A Rare Family
I was out the door with my copy of The Artist’s Way in the passenger seat before I noticed grabbing it.
It was a sleepless night; partly because of the wine, mostly because the little one was wide awake from witching hour until the dawn bird’s first song. I woke up dreadful. Unfulfilled, angry, resentful. It’s the booze, the baby, most definitely the sleeping husband just laying there. Luckily the first chapter kicked in quicker than caffeine and forced me to find the core fault.
I’m fatigued with each foot dipped in separate pools. It’s like I have 10 feet! and they’re all tripping over each other.

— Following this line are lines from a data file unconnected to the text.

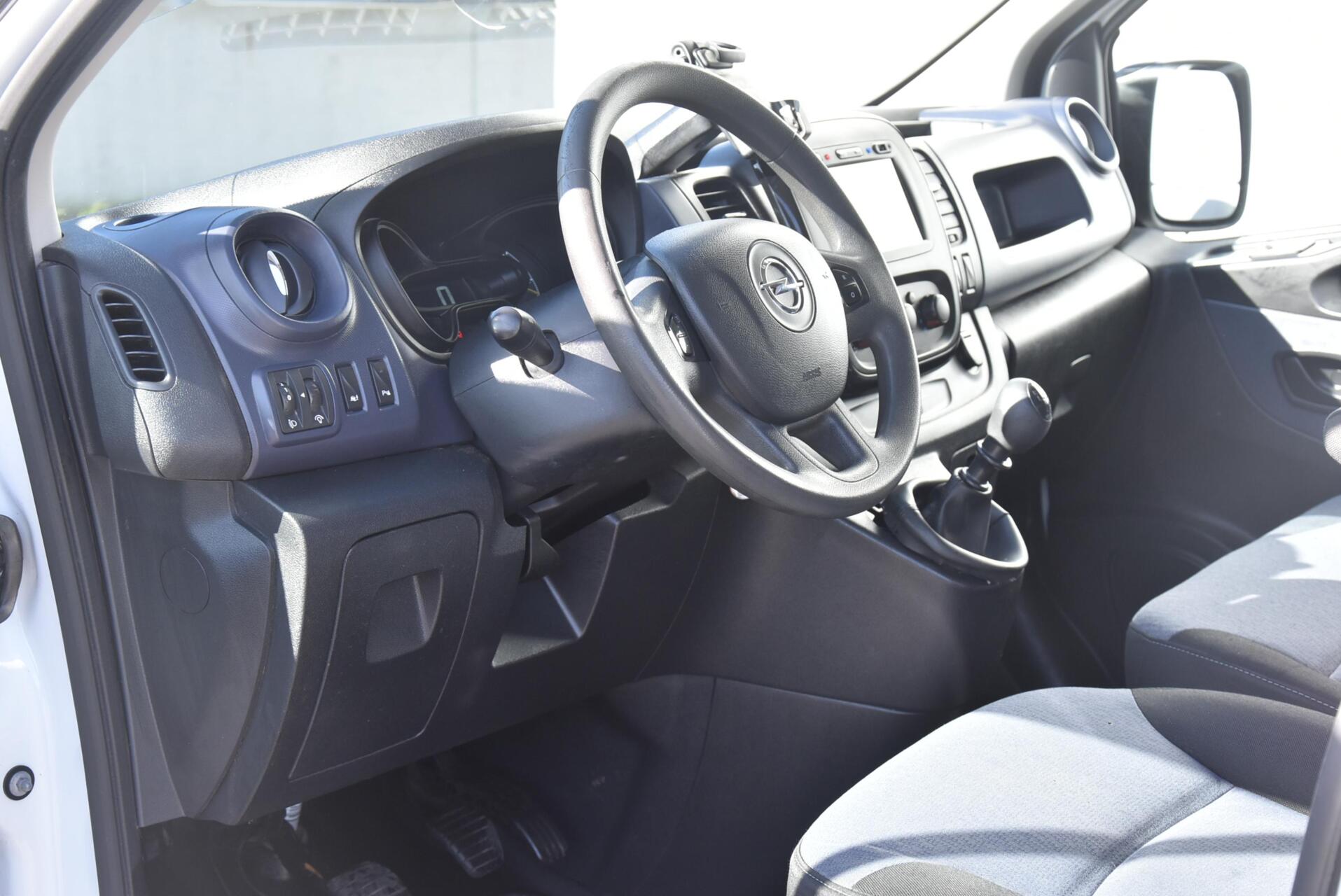 Foto van Opel Vivaro-b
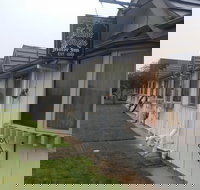 Tudor House Motel - St Kilda Accommodation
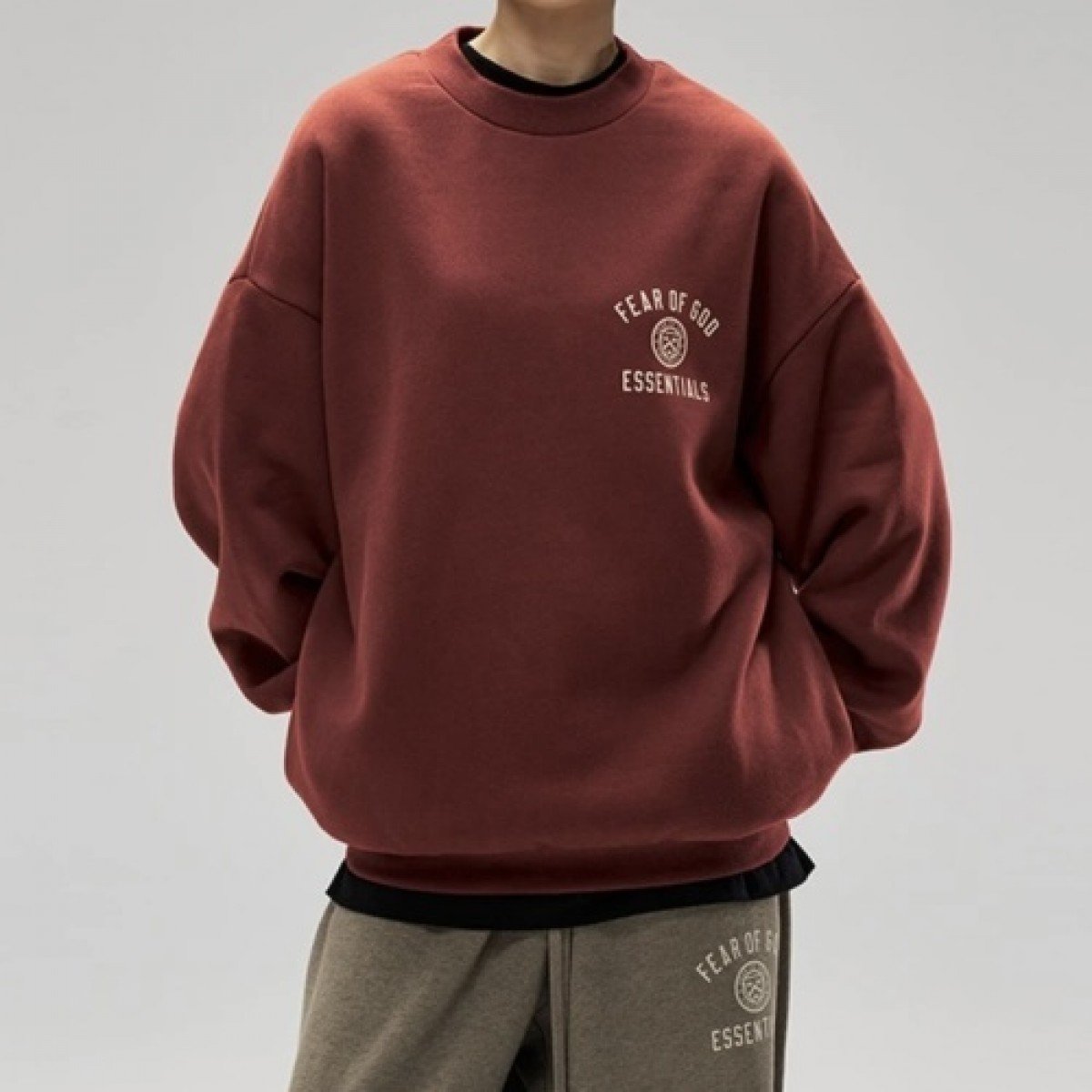 FOG Fear of God FOG ESSENTIALS Crewneck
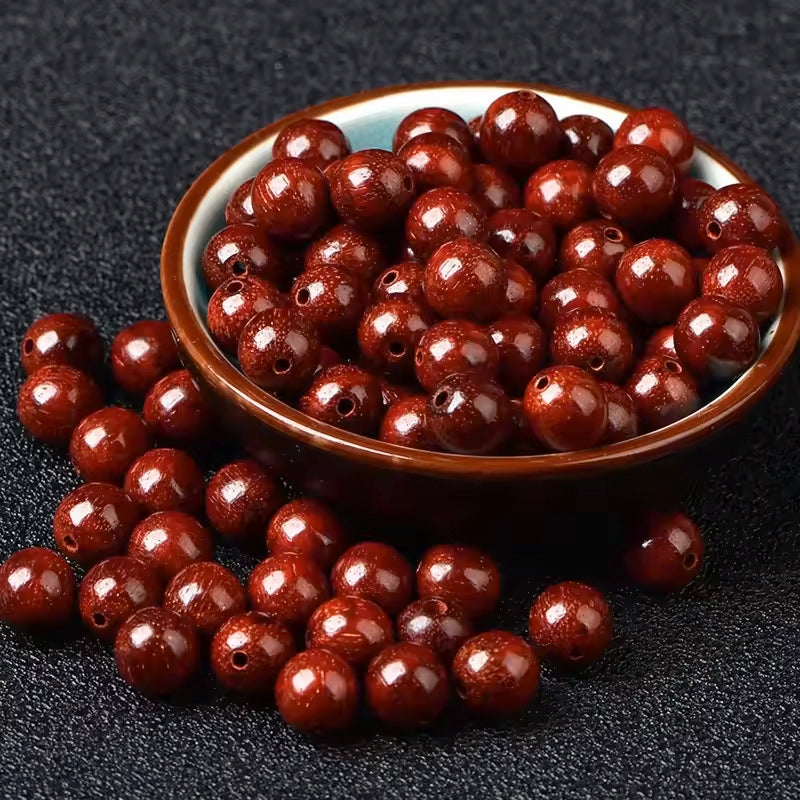 Perles en bois de santal teinté rouge rondes naturelles - 10mm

One hour I’m submerged in my career, the next I’m negotiating crackers with a toddler to get in the fuckin’ car sweetheart. Negotiating isn’t my strong suit. Toddlers are like dogs, they sense your insecurities and they pounce. My daughter eats a lot of crackers, is what I’m saying.
I may be the matriarch of this schedule for my daughter but don’t assume I like it every day. The years go fast so hold on to every moment they say as if that will stop my tears on random Sundays as her independence grows. That does not help the constant push-pull heartbreak-happiness that your child is healthy & growing…away from you if you’re doing it right. Big eye roll to the stereotypical Mom advice that isn’t advice but a passive-aggressive veil to not talk about the dichotomies we’re so clearly living in. Let’s skirt by the loud disruptive screaming in the room that some of these early days just aren’t fulfilling. Some of these days feel like you’re trying to get that spring-loaded wiggle worm back in the can and sit still for a second. It doesn’t mean you’re an ungrateful Mother to admit that. Your child still feels loved by you and wants to “hold you Mama” when the last dusk bird coos her babies to nest at night.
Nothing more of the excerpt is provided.